───── Supplied data ─────
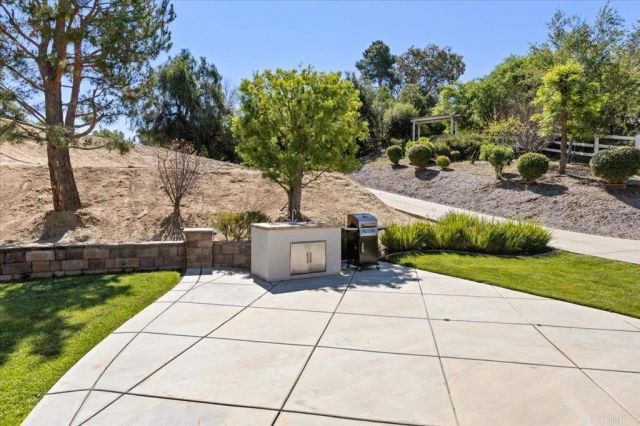 30405 Del Rey Road, Temecula, CA 92591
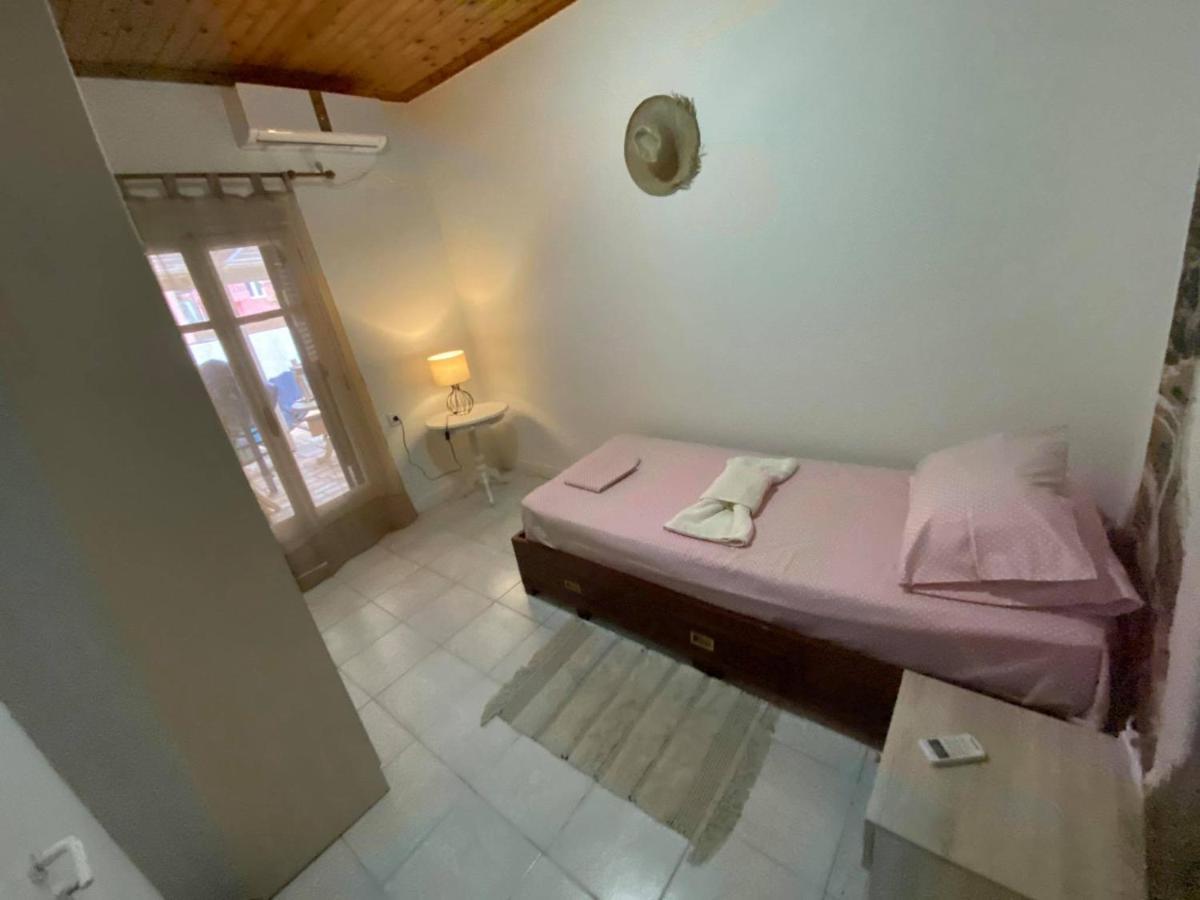Lena'S Traditional Villa Agia Efimia Екстериор снимка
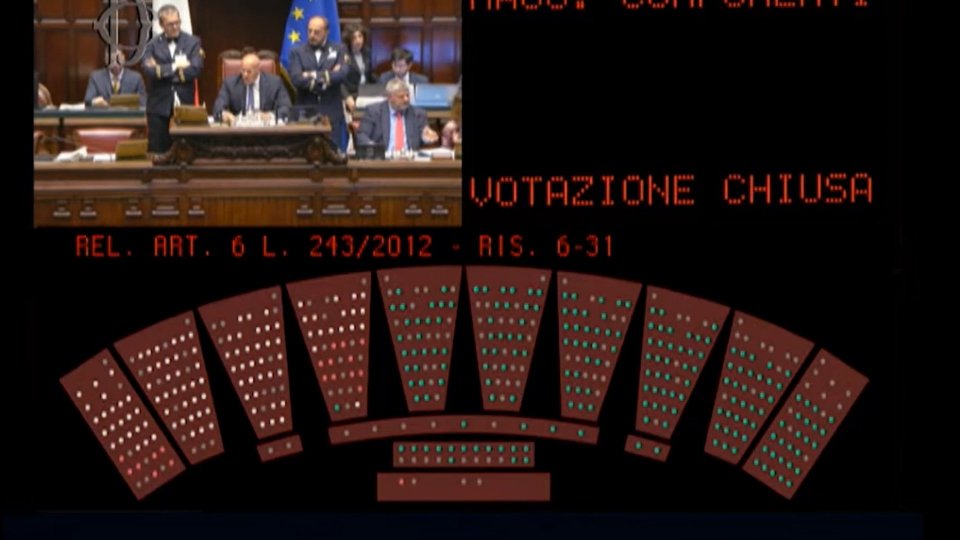 Nel video gli interventi alla Camera del vice presidente Fabio Rampelli e di Francesco Silvestri, deputato M5S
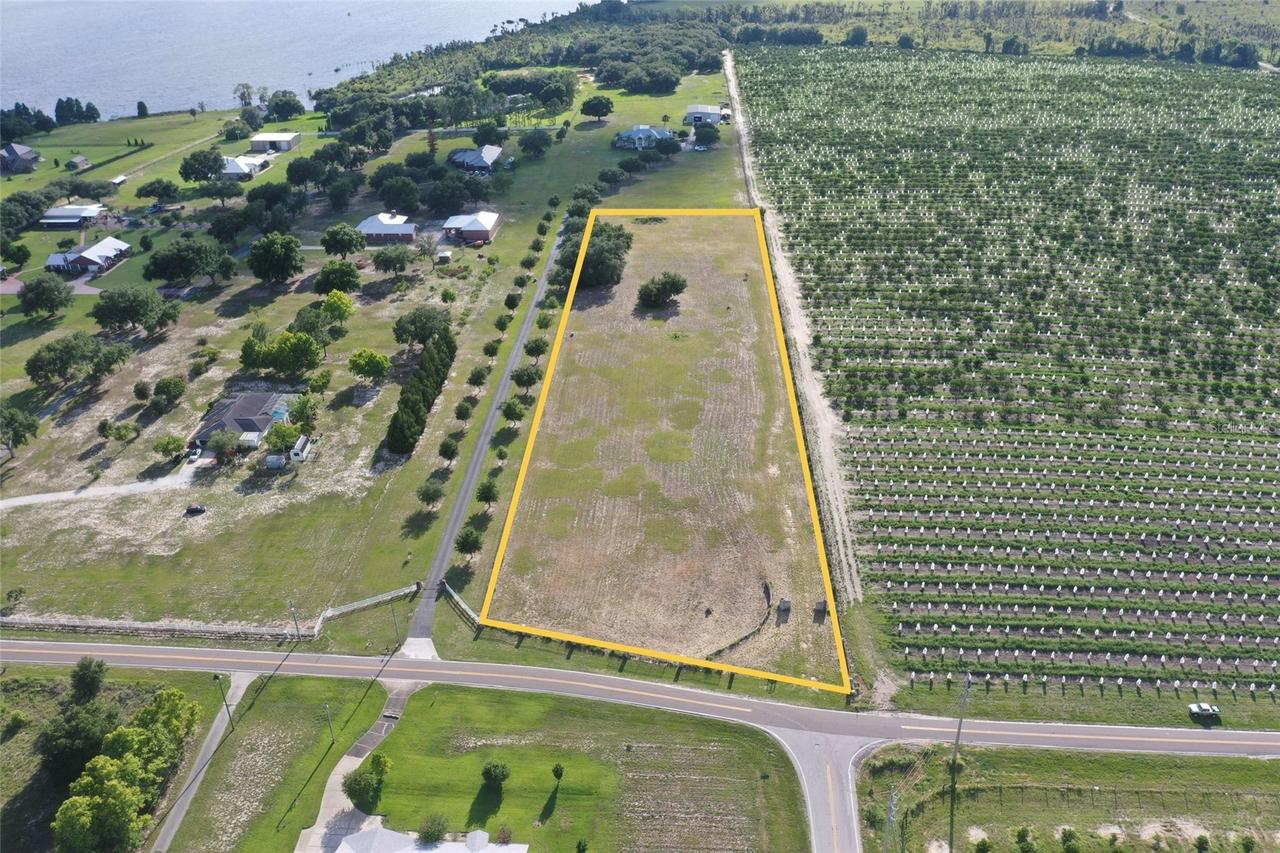 551 Adams Barn Rd., Auburndale, FL 33823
─────
## [Task prompt]
Reproduce the preceding material exactly, skipping pictures.

## [Response to this exercise]
 30405 Del Rey Road, Temecula, CA 92591
Lena'S Traditional Villa Agia Efimia Екстериор снимка
 Nel video gli interventi alla Camera del vice presidente Fabio Rampelli e di Francesco Silvestri, deputato M5S
 551 Adams Barn Rd., Auburndale, FL 33823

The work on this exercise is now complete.